İşte Öyle Bir Şey

29 Kasım 2015 Pazar

İLK YAZI... İLKYAZ... - Ahmet Köksal | Karadeniz Time

Oysa “garadeniz taym ne ya” başlığıyla mizahi bir yazı yazmayı düşünüyordum ilk önce; kendimizi eleştirmeyi öğrenme ve de ‘sansürle imtihanı’ sorgulama adına.

Yine, Türkçe’nin -bugün için çoklukla İngilizce olmak üzere- diğer dillerin saldırısı altında olmasına, öztürkçe tartışmalarına ve diğer ilgili konu başlıklarına girecektim belki de o yazıda.
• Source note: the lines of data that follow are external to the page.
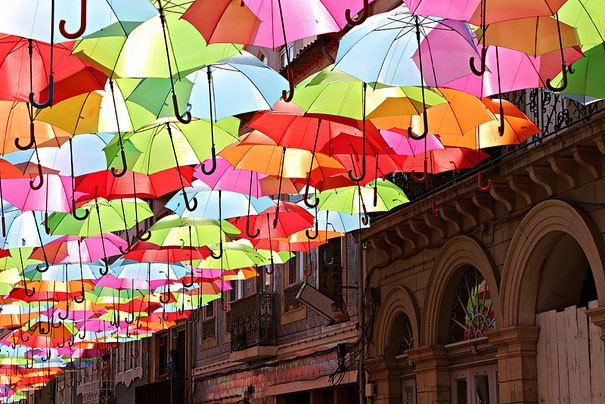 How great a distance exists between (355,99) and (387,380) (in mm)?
10312

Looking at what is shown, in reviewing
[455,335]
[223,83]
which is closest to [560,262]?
[455,335]

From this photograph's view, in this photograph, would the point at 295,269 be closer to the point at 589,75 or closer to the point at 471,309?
the point at 471,309

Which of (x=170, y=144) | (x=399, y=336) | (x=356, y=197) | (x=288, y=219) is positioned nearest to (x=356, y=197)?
(x=356, y=197)

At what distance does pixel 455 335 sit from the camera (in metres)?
18.1

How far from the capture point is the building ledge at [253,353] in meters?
27.0

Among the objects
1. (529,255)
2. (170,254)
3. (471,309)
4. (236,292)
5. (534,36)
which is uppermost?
(236,292)

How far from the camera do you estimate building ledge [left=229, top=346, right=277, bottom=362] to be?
2697cm

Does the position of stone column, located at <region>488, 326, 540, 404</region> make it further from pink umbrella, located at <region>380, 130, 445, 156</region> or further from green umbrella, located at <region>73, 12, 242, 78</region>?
green umbrella, located at <region>73, 12, 242, 78</region>

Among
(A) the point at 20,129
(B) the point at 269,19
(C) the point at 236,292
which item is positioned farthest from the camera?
(C) the point at 236,292

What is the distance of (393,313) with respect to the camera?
2027 centimetres

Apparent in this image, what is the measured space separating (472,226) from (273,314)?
11060 mm

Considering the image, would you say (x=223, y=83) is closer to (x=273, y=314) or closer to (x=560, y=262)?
(x=560, y=262)

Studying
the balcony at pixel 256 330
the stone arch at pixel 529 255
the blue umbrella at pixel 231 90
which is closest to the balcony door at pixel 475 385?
the stone arch at pixel 529 255

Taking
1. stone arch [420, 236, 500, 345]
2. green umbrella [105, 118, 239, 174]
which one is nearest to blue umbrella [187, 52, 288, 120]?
green umbrella [105, 118, 239, 174] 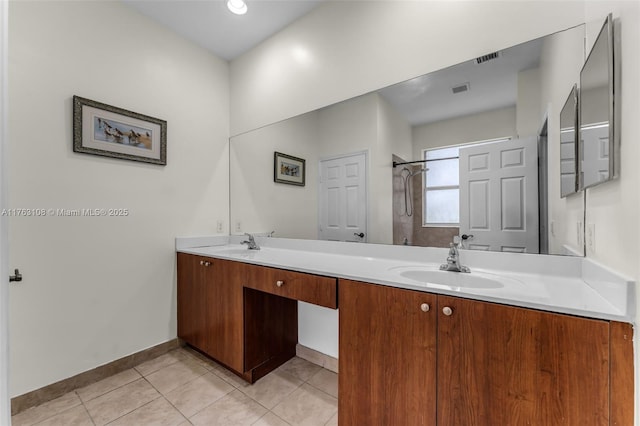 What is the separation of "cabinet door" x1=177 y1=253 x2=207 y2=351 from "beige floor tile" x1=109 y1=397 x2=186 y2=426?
448 millimetres

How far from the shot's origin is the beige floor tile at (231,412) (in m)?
1.41

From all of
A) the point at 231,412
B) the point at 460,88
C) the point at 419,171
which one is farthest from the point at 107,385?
the point at 460,88

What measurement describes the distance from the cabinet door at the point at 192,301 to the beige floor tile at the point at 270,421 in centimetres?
74

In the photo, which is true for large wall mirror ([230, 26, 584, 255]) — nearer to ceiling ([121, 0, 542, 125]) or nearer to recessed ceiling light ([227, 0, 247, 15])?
ceiling ([121, 0, 542, 125])

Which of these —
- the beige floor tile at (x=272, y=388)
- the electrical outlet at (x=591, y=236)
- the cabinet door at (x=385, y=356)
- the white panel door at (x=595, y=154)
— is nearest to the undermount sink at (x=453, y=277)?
the cabinet door at (x=385, y=356)

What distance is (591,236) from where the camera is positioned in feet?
3.30

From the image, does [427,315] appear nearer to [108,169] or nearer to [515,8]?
[515,8]

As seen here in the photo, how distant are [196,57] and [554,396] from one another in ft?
9.95

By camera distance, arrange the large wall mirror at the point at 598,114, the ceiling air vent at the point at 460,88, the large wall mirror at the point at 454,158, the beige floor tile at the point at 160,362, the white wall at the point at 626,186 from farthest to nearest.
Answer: the beige floor tile at the point at 160,362 < the ceiling air vent at the point at 460,88 < the large wall mirror at the point at 454,158 < the large wall mirror at the point at 598,114 < the white wall at the point at 626,186

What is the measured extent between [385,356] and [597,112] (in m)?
1.15

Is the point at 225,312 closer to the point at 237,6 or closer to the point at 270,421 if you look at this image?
the point at 270,421

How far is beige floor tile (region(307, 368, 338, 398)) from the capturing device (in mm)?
1679

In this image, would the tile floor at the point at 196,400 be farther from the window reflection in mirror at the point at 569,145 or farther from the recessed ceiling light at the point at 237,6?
the recessed ceiling light at the point at 237,6

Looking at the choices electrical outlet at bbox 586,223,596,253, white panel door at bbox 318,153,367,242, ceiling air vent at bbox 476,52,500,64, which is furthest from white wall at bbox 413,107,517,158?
electrical outlet at bbox 586,223,596,253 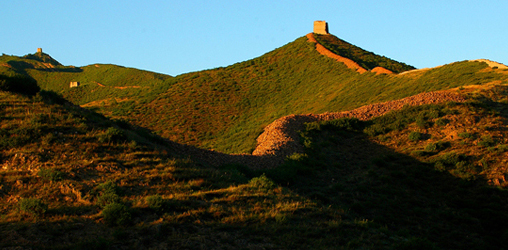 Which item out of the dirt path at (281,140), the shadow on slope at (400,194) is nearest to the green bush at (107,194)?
the dirt path at (281,140)

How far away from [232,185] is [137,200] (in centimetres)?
→ 290

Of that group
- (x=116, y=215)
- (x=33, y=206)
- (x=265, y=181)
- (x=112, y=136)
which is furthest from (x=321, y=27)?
(x=33, y=206)

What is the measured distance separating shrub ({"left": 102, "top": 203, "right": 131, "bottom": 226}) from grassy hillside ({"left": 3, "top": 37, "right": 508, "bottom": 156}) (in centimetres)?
1202

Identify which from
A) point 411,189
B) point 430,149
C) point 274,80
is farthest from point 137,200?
point 274,80

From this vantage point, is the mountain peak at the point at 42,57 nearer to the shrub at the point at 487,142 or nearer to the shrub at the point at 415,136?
the shrub at the point at 415,136

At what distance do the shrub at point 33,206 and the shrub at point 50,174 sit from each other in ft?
4.60

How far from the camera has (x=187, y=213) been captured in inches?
312

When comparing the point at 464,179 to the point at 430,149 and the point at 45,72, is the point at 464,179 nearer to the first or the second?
the point at 430,149

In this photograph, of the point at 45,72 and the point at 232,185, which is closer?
the point at 232,185

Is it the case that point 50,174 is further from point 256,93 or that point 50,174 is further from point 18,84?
point 256,93

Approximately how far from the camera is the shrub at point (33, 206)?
733 cm

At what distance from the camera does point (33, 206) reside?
7438 mm

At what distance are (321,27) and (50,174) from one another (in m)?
50.7

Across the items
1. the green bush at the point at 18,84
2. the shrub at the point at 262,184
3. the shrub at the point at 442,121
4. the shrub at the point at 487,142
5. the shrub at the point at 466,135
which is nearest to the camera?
the shrub at the point at 262,184
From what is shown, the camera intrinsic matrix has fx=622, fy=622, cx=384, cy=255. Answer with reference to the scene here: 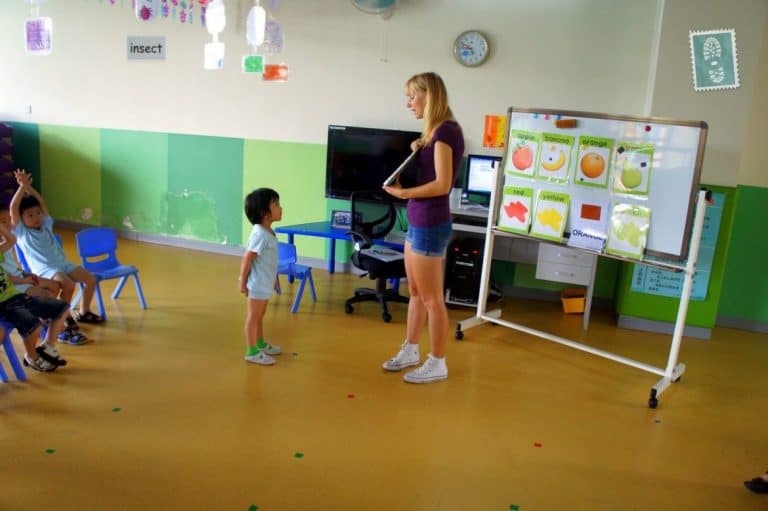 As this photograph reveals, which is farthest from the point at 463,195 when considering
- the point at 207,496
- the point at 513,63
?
the point at 207,496

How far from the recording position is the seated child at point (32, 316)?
295 cm

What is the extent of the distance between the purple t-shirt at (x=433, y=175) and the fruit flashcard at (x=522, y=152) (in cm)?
95

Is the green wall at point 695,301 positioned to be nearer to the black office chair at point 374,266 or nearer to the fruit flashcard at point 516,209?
the fruit flashcard at point 516,209

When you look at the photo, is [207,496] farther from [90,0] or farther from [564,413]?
[90,0]

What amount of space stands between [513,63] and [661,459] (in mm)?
3416

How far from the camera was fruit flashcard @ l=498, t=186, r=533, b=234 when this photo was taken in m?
3.92

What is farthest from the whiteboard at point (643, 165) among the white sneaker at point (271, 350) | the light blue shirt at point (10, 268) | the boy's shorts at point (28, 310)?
the light blue shirt at point (10, 268)

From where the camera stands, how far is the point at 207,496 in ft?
7.29

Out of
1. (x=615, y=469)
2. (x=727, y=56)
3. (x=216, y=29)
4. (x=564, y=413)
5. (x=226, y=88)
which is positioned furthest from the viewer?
(x=226, y=88)

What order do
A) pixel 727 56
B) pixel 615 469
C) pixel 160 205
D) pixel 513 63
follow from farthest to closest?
pixel 160 205, pixel 513 63, pixel 727 56, pixel 615 469

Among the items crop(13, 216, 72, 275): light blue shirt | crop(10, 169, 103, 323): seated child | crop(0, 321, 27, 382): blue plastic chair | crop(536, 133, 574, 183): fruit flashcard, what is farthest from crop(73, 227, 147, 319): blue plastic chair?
crop(536, 133, 574, 183): fruit flashcard

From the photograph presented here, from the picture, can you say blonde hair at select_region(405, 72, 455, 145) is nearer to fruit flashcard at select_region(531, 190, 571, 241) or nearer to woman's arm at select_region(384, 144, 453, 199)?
woman's arm at select_region(384, 144, 453, 199)

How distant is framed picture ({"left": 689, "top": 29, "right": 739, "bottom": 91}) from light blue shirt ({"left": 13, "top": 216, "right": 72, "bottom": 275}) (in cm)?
424

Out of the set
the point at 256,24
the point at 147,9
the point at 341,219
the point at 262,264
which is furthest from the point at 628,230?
the point at 147,9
Ve sonra, hâlâ benim için de tartışmalı olan, asıl olan dil midir, yoksa iletişim kurmak mıdır; daha açık ifadeyle dil, yazım ve diğer kuralları ile asıl işlevi olan iletişim kurmanın önüne geçiyor mu, geçebilir mi konusuna…

Ama olmadı; bunların hiçbirisini yazamadım, yazamayacağım.

Daha doğrusu yazmama izin vermedi yaşadığımız bu topraklarda birkaç gündür devam edegelen iklim.

*  *  *

Önce, benim de yirmi yıldır okuru olduğum Cumhuriyet Gazetesi’nin Genel Yayın Yönetmeni Can Dündar ile Ankara Temsilcisi Erdem Gül, gerçek bir demokraside/hukuk devletinde ‘basın özgürlüğü’ kapsamında görülecek bir haber yüzünden tutuklandılar.

Bunun üzerine, ‘basın’ın işlevinden, halkın ‘haber alma özgürlüğü’nden, asıl özgürlüğü kısıtlananın halk olduğundan söz eden bir yazı tasarlamıştım kafamda.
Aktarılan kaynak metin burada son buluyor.